Exhibition
Eve Travis. Blockhead.
3 Feb 2023 – 12 Feb 2023
Regular hours
- Friday
- 12:00 – 17:00
- Saturday
- 12:00 – 17:00
- Sunday
- 12:00 – 17:00
- Thursday
- 12:00 – 17:00
Address
- 4 Broad Street
- Hanley
- Stoke-on-trent
- ST1 4HL
- United Kingdom
Travel Information
- Hanley, Stoke-on-Trent
- Stoke-on-Trent
The first of 2022/23's Graduate Residency Solo Exhibitions sees EVE TRAVIS present BLOCKHEAD
About
A multi media exhibition, comprising performance, wearable art, sculpture, photography and video work, Blockhead, the debut solo show of artist and performer Eve Travis, seeks to explore the dichotomy of disempowerment and empowerment for women onstage. Through the lens of the sideshow, Blockhead also raises notions of objectification and fetishization, and the relationship of women’s bodies to pain and endurance, in life and as spectacle.The Human Blockhead is a carnival or sideshow performer who hammers a nail or other implement into his or her nasal cavity via the nostrils, a stunt which is often performed alongside a bed of nails act, in which the performer lies a top a rectangular piece of wood with numerous nails sticking up out of it. Performances which appear both dangerous and immensely painful as well as inhuman with the aim of shocking audiences.

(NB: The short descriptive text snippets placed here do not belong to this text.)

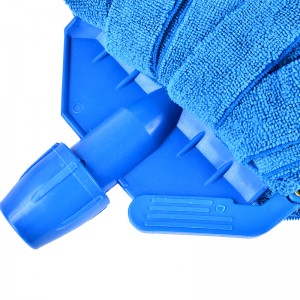 Hot Selling Blue Strip Microfiber Cleaning Mop Head With Plastic Head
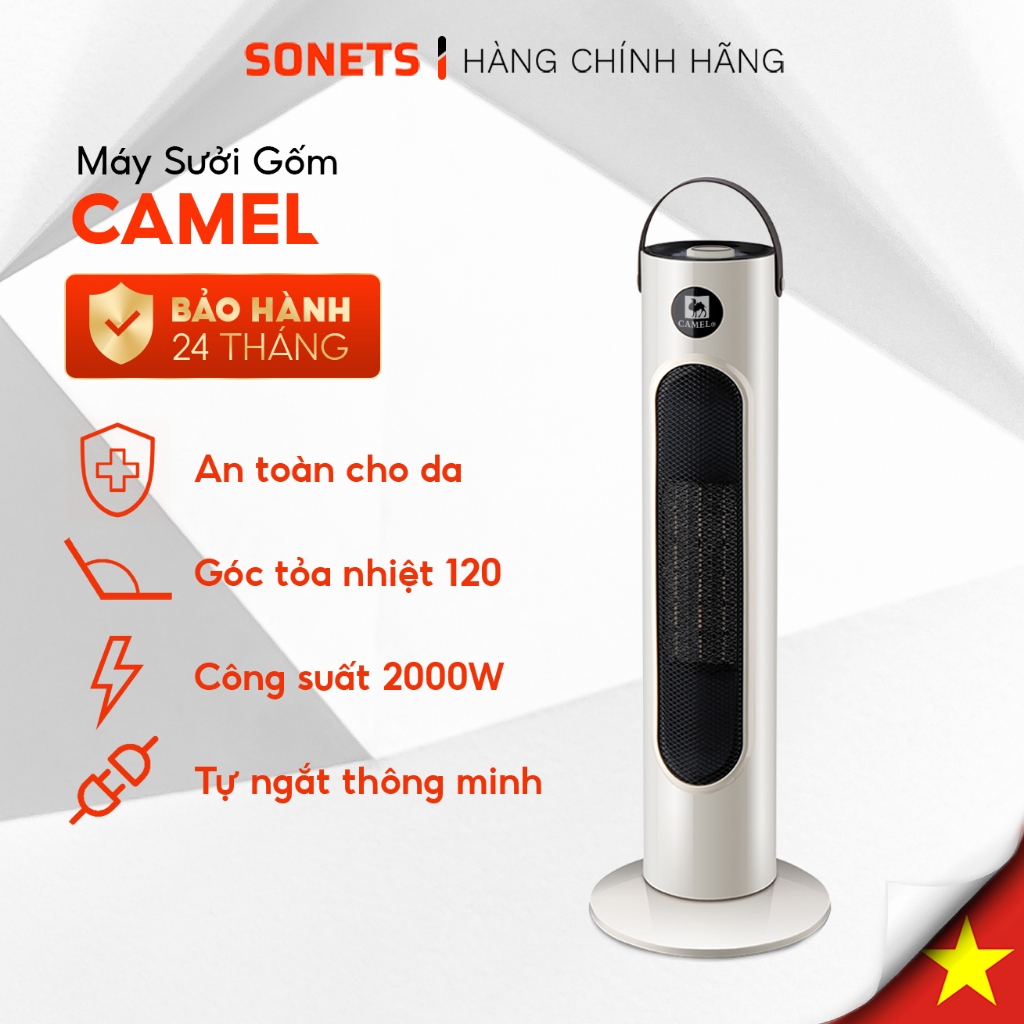 Máy Sưởi Gốm Camel, Quạt Sưởi Gốm Phòng Ngủ, Hẹn Giờ, Không Gây Khô Da Cho Bé, Người Già. SONETS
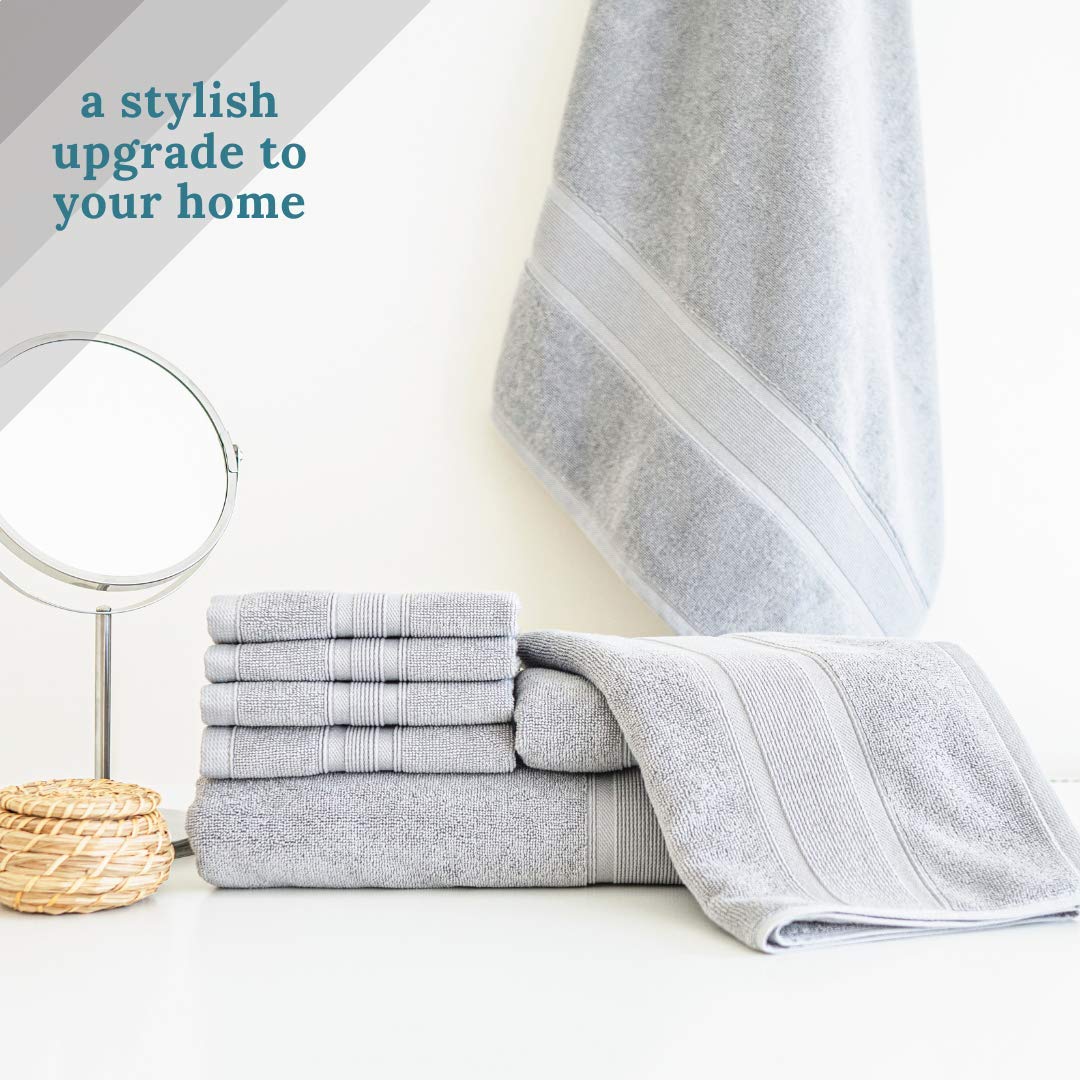 Premium 8-Piece Bathroom Towel Set - 100% Turkish Cotton, Ultra Soft & Absorbent - Includes 2 Bath Towels, 2 Hand Towels, 4 Washcloths (Light Grey) - Perfect for Spa, Guest Bathroom & Luxury Home Decor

Historically, the sideshow has provided “a designated and unique space which offered access to the ‘other’” (Problem Bodies and Sideshow Space, Pugh, 2020) and whilst operating outside of society, has been a site for both societal reflection and continued negotiation regarding the politicised sphere of the body, creating a space in which to confront, and exaggerate. According to Durbach, sideshow performers were in “collaboration with the audience whose spectatorship itself shaped the construct of the performer’s body as aberrant” (Spectacle of Deformity, Durbach, 2009).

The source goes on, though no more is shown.